The sexual middle ground will be eliminated. Petting, snogging and the giving or receiving of love bites will carry an immediate ASBO liability. There is no in-between. Boys will effect a seamless transition from thinking: ‘Urgh, yuk, girls’ to ordering Viagra on the internet. Meanwhile, pretending to have lost your virginity with someone you met on holiday will carry a minimum sentence of two years.

3. __________

Phone conversations will be restricted to 10 minutes maximum, and banned between the hours of 11pm and 6am. (Text messages will be intercepted by MI5 and examined to make sure they contain no new slang abbreviations of jargon which the Prime Minister couldn’t understand.) Sleep will be closely monitored and alarms sounded nationwide at 9am to make sure that nobody misses the best part of the day.

4. __________

If you stop eating meat, you stop for life. Experimental phases will not be tolerated. The same applies to being briefly socialist, bisexual or goth. Regulation will be strictest in circumstances where the defendant has shown brief interest in an expensive gadget until a week after his parents have finally bought the goddamn thing.

5. __________

All written poetry must rhyme and be very jolly. Anyone caught crafting lines of bleak enjambement on the topics of depression, unrequited love or the sight of a dead sparrow in the gutter will be jailed at once. Community service may apply in the case of half-rhymes (e.g. ‘misery’ / ‘you did to me’). Conversely, prison sentences will be extended if the words are set to music for the guitar.

6. __________

Internet use will be confined to serious research. There will be no setting up of home pages, posting on blogs or socialising in web-based environments. In a change to existing ‘grooming’ laws, the burden of guilt will be placed on the victim, who (finding herself alone in a car park with a large, bearded truck driver) has only got herself to blame for wittering on about Big Brother to ‘KrazyKool, 16’ anyway.

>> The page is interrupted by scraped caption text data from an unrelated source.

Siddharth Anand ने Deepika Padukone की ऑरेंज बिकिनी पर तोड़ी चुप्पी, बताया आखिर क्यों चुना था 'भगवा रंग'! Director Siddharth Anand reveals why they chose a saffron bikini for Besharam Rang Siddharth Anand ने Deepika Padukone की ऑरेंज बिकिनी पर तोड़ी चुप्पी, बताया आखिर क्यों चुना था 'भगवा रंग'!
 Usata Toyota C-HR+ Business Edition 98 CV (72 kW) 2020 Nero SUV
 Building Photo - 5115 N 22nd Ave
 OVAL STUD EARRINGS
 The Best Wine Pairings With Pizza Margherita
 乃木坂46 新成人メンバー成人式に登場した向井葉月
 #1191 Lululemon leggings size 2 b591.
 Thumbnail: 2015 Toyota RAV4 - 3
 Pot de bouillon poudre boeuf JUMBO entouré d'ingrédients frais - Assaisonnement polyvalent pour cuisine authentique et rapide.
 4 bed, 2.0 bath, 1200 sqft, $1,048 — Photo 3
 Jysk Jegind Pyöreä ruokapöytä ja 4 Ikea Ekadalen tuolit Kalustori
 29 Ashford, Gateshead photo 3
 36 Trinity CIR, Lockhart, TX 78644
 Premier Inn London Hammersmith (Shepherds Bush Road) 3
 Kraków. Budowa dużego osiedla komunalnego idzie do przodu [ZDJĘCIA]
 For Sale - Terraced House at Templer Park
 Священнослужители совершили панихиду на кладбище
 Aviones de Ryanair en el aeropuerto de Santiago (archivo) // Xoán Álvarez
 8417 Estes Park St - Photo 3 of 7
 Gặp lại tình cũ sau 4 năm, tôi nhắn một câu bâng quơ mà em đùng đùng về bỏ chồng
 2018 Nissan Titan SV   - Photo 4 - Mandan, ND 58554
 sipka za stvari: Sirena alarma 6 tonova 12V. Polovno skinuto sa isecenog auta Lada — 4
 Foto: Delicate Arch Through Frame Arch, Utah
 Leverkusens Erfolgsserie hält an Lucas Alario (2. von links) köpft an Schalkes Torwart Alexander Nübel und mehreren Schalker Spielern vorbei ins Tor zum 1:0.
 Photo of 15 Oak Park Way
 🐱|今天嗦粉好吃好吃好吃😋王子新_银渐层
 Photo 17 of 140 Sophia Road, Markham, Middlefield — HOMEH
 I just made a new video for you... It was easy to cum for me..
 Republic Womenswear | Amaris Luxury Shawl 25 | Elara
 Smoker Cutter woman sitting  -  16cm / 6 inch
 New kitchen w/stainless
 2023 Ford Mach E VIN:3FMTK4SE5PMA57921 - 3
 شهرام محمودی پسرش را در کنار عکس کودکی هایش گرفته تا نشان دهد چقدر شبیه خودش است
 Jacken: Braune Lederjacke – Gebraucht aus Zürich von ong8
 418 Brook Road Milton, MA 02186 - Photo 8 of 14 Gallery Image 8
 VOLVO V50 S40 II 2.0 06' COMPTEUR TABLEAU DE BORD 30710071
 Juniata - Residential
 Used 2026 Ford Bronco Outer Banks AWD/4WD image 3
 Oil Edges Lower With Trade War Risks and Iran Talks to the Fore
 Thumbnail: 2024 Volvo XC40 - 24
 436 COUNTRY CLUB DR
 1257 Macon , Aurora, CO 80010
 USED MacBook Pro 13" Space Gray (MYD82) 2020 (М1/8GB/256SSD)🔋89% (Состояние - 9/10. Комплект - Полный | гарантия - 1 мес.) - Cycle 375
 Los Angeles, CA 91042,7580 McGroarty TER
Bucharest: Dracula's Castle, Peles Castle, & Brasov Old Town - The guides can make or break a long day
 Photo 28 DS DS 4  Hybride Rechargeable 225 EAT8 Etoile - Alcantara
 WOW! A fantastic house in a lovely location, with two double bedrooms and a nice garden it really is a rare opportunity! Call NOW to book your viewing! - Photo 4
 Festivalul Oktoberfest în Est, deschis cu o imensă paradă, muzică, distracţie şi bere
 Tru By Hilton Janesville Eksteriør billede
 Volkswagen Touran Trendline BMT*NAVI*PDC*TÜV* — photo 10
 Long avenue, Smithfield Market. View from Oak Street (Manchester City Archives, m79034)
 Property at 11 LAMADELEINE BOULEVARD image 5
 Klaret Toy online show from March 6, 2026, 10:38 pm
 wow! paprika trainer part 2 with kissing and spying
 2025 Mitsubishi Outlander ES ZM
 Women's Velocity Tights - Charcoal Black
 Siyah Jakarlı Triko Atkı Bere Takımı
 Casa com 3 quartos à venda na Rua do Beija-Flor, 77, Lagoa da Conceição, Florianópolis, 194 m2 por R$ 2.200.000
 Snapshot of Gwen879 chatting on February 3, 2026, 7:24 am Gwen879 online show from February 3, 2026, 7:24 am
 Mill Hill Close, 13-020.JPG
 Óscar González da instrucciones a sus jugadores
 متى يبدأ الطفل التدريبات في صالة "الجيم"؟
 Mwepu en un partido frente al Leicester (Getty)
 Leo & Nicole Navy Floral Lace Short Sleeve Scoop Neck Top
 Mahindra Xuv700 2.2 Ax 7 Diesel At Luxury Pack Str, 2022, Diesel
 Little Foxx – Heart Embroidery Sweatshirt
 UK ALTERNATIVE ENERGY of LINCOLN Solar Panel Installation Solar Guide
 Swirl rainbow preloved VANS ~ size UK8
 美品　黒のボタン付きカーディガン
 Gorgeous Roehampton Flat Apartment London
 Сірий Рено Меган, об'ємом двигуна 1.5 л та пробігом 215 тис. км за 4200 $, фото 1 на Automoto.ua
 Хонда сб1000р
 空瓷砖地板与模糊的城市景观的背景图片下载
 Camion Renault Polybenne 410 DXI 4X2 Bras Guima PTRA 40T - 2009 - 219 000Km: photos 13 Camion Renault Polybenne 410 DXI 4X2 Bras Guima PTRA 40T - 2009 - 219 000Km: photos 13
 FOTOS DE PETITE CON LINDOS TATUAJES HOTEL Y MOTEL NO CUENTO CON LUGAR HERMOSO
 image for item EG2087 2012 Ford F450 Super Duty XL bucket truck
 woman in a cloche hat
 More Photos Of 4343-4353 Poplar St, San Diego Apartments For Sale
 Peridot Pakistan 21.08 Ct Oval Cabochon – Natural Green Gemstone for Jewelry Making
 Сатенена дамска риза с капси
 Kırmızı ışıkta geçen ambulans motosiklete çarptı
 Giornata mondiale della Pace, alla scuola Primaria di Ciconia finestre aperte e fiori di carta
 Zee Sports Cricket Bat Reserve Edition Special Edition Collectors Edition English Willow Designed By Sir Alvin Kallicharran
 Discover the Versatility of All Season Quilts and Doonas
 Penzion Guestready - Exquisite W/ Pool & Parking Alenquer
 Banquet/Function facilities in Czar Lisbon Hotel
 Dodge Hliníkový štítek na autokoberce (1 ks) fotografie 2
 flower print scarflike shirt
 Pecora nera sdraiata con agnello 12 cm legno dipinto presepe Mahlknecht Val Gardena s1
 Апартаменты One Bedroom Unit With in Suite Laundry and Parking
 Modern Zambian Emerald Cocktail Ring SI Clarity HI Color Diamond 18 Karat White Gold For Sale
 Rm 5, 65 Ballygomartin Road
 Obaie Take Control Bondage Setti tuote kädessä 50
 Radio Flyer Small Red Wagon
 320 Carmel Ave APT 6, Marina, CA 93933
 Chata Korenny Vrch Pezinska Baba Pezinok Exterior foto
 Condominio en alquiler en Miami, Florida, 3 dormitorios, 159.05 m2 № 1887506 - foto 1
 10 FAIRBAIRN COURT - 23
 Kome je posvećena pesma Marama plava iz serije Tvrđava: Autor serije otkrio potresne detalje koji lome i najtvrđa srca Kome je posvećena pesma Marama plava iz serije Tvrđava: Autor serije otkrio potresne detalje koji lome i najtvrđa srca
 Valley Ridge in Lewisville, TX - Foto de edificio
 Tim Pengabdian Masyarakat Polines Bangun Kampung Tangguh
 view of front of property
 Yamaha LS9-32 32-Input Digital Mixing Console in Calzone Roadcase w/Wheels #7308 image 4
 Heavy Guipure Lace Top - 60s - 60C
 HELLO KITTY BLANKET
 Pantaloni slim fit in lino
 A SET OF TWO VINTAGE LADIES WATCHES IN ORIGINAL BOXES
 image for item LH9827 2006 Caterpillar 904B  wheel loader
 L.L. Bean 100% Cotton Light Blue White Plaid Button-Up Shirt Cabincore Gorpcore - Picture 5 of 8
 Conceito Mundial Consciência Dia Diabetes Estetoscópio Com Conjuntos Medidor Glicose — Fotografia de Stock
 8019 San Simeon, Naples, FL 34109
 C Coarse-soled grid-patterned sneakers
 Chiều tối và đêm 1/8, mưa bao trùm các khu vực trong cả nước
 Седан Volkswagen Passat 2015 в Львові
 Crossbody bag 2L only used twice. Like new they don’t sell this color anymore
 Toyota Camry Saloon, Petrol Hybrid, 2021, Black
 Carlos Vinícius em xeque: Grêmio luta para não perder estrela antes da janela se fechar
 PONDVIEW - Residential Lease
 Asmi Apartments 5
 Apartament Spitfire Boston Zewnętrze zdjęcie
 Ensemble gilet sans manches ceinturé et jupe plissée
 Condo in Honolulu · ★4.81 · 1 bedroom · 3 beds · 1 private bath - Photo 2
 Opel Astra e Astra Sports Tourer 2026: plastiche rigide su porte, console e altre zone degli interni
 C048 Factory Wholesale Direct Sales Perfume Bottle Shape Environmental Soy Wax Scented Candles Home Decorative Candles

Further tweaks will see it become illegal to ride undersized BMX bikes or wear oversized trousers. To mix alcohol with fizzy or fruit-based drinks, to lock the bathroom door, to take Ali G at face value, to want to be a model, to turn a pudding-bowl haircut into a mohican by misuse of school soap, to get ‘stressed’ or to play computer games while your mother is talking to you.

Come to think of it, the world will be vastly improved. Let’s hope they push it through quickly.

1. Match the headings (a-f) to the paragraphs (1-6).

a. No ‘My Space’

b. No Being Veggie ‘Apart From Bacon’

c. No Dry Humping

d. No Free Verse

e. No Posters

f. No Strange Hours

2. Match the words (1-9) to their definitions (a-i).

1. ‘Grooming’ laws

2. Ali G

3. ASBO liability

4. Blu-Tack

5. Class B substance

6. Enjambement

7. MI5

8. Top of the Pops

9. University Challenge

a. A British quiz tournament between two teams of four members, each representing a single university, which has aired since 1962.

b. A satirical fictional character which plays on the stereotype of a white suburban male who revels in American gangsta rap and British Jamaican culture.

c. A versatile, reusable, putty-like pressure-sensitive adhesive, commonly used to attach papers to walls or other surfaces.

d. A weekly British music chart television programme featuring performances from that week’s best-selling popular music artists.

e. An illegal drug carrying a less severe punishment than other more serious and dangerous ones.

f. Anti-social behaviour legal responsibility.

g. The breaking of a syntactic unit (a phrase, clause or sentence) by the end of a line or between two verses.

h. The ruling against befriending children in internet chat-rooms, often pretending to be of the same age, or with similar interests.

i. The UK’s counter-intelligence and security agency.

3. Match the sentence halves.

1. Coren accuses the government of not...

2. Coren compares the people governing Britain to...

3. The British authorities would like to see...

4. The British system is supported by...

5. The teenage Coren and her friend were not...

6. The tone of Coren’s article is...

a. ...jocular and light-hearted.

b. ...older pupils controlling younger ones in a school.

c. ...parliament and the mass media.

d. ...taking into account the underdogs’ feelings.

e. ...the end of teen attitudes and lifestyle.

f. ...very different from chatty senior citizens.